(What the task asks) Give the listing again word for word. Skip the pictures.

(Input data)

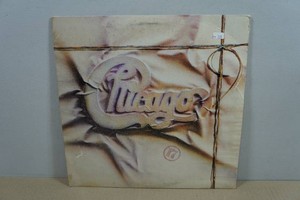 Chicago 17 Vinyl Record Album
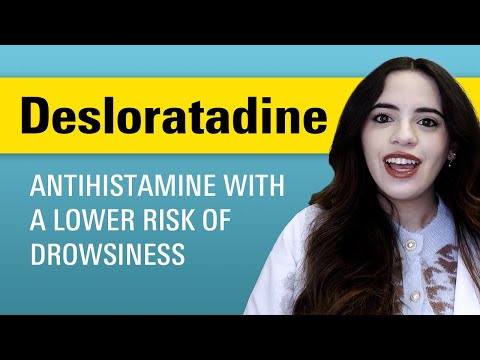 DES-LORATAHIST 5MG TABLETS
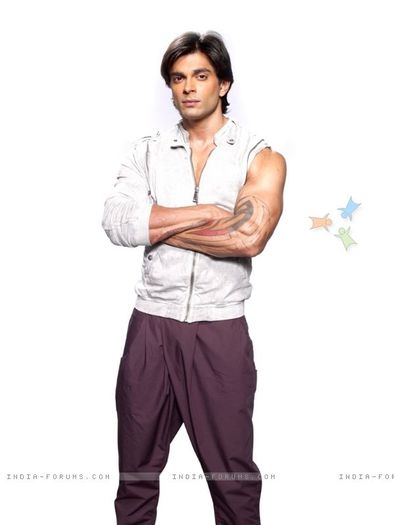 92773-karan-singh-grover-contestant-for-fear-factor-khatron-ke-khiladi - Karan Singh Grover - Dr Armaan Mallik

(Result below)
 Chicago 17 Vinyl Record Album
 DES-LORATAHIST 5MG TABLETS
 92773-karan-singh-grover-contestant-for-fear-factor-khatron-ke-khiladi - Karan Singh Grover - Dr Armaan Mallik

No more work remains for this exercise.